At the urging of U.S. policyholders, a Scottish court recently rejected a Scottish insurance company’s efforts to close its books and avoid full liability for long-tail claims when the insurance company is solvent and entirely capable of paying claims.
Under U.K. law (§899 of the Companies Act of 2006), insurance companies that are solvent may, with the approval of a requisite number of creditors (i.e., policyholders), enter into a “solvent scheme of arrangement.” Such a “scheme” enables the solvent insurance company to cut off its liability completely, including for incurred but not reported (“IBNR”) claims, and close its books entirely. While an insolvent insurance company can also enter into such a scheme, comparable to a U.S.-style liquidation, the ability of solvent insurance companies to do so has no such parallel in the U.S. Thus, many U.S. policyholders with insurance written by U.K. insurance companies, such as the London Market, are surprised to learn that they can lose valuable and often irreplaceable insurance coverage for long-tail liabilities, despite their objection, from solvent U.K. insurers through such schemes. U.S. policyholders for many years have objected to such a practice with little success as solvent scheme after solvent scheme was sanctioned by U.K. courts. However, a recent decision by a Scottish court finally offers some of the additional protections U.S policyholders were seeking.

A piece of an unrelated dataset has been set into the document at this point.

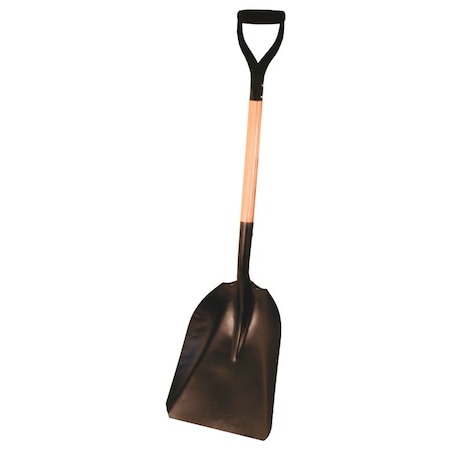 Kraft Tool Kraft Tool Asphalt Scoop with Wooden "D" Handle GG868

With the decision, In re Scottish Lion Insurance Company Limited,1 Lord Glennie of the Scotland Court of Session dealt a critical blow to the ability of the Scottish Lion Insurance Company Limited (“Scottish Lion”), a London Market company, to enter into a solvent scheme of arrangement. Scottish Lion, fully able to meet its financial liabilities, sought to close its books on long-tail claims through a solvent scheme of arrangement. The company received permission last year to convene a meeting at which time creditors would have the opportunity to vote on whether to enter such a scheme. The vote ostensibly passed the requirements of U.K. law with at least a majority in number representing 75% in value of the creditors present at the meeting voting for the scheme. Scottish Lion then moved for a Scottish court to sanction the scheme and set a date by which all claims, including all IBNR claims, had to be submitted. Several U.S. creditors opposed the sanction, challenging both the manner in which creditors’ votes were valued and the ability of a solvent insurance company to force unwilling creditors into a scheme of arrangement through a majority vote.

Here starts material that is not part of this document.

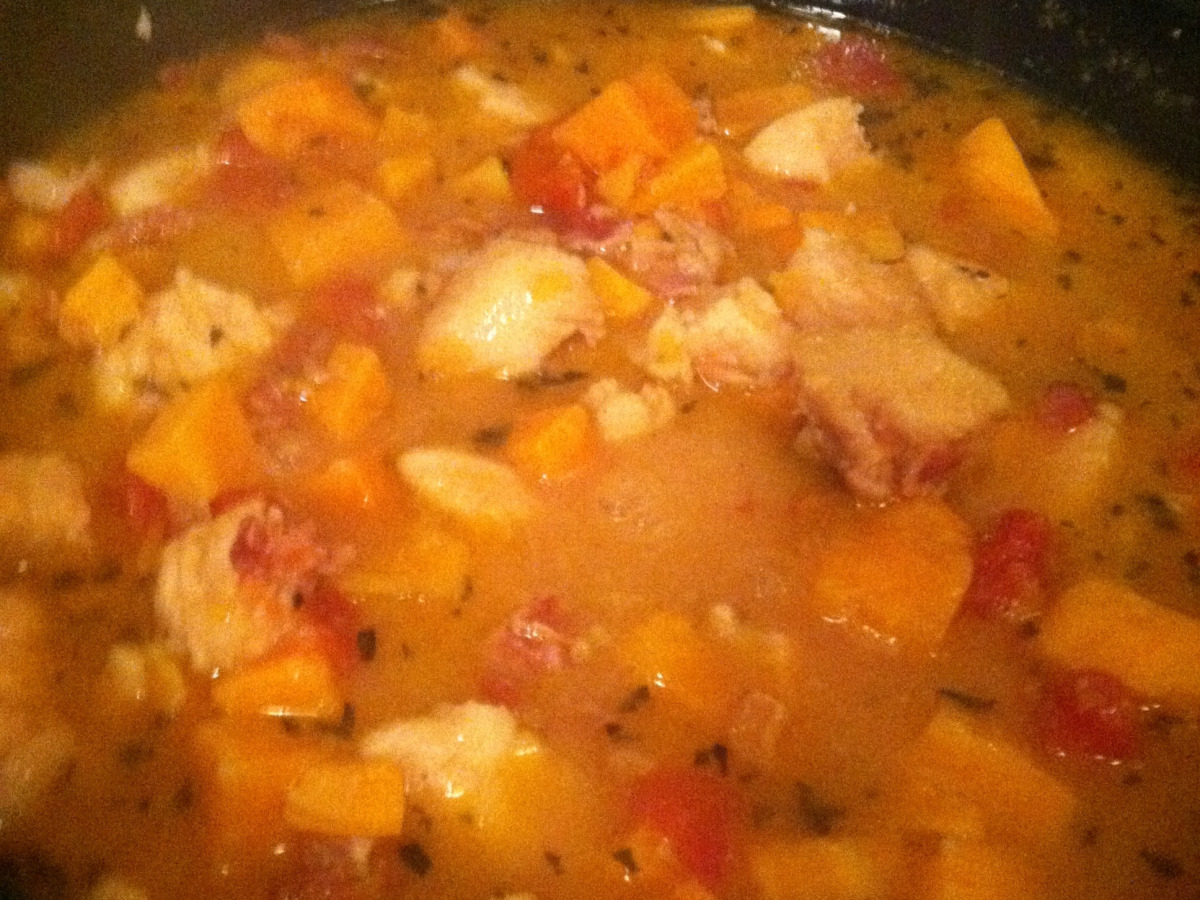 Kilimanjaro Bean and Sweet Potato Stew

The Scottish court ruled that the U.S. creditors were entitled, at that stage of proceedings, to challenge the valuation of the vote, including challenges that the vote was unfair and not representative, affected by special interests, and that the counting and valuation of the vote was flawed in methodology or contained other significant errors. The U.S. creditors challenged what they considered selective devaluation of votes by Scottish Lion, particularly of votes against the scheme. Lord Glennie also ruled that while there is not an explicit rule against sanctioning solvent schemes in the face of creditor dissent, justification is required to demonstrate why dissenting minority creditors should be bound by the decision of the majority. The court reasoned that, unlike insolvent schemes, where financial difficulties necessitate binding dissenting minority creditors to the will of the majority, solvent schemes lack such financial justification. The court stated that there might be reasons apart from financial uncertainty justifying a solvent scheme; however, such reasons must be made apparent when seeking to sanction the scheme. The court also stated “unreasonableness seems to me to stem from the fact that where the company is solvent it is unnecessary for the body of creditors or class of creditors to [agree] as a whole that there should be any scheme, still less a scheme forced upon unwilling participants.”

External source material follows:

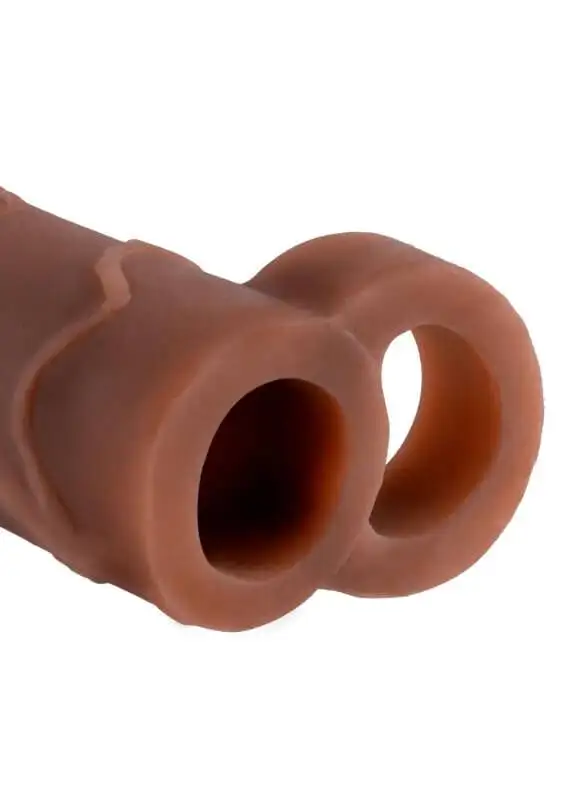 Extensão Perfect Mulato 5,1 cm com Anel Fantasy X-Tensions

In a separate order that followed this decision, the court entered a final judgment refusing to sanction the scheme. Scottish Lion stated plans to appeal the decision.
This ruling and the court’s refusal to sanction the scheme are important victories for U.S. policyholders seeking to protect their insurance coverage, particularly occurrence-based, long-tail liability insurance coverage, which is a valuable and often irreplaceable corporate asset. The Scottish court has recognized the unfairness that U.S. policyholders for years have argued is present in the ability of a solvent insurance company to close its books against the objections of dissenting policyholders. Should this decision be upheld on appeal, it will serve as an important check on future solvent schemes of arrangement.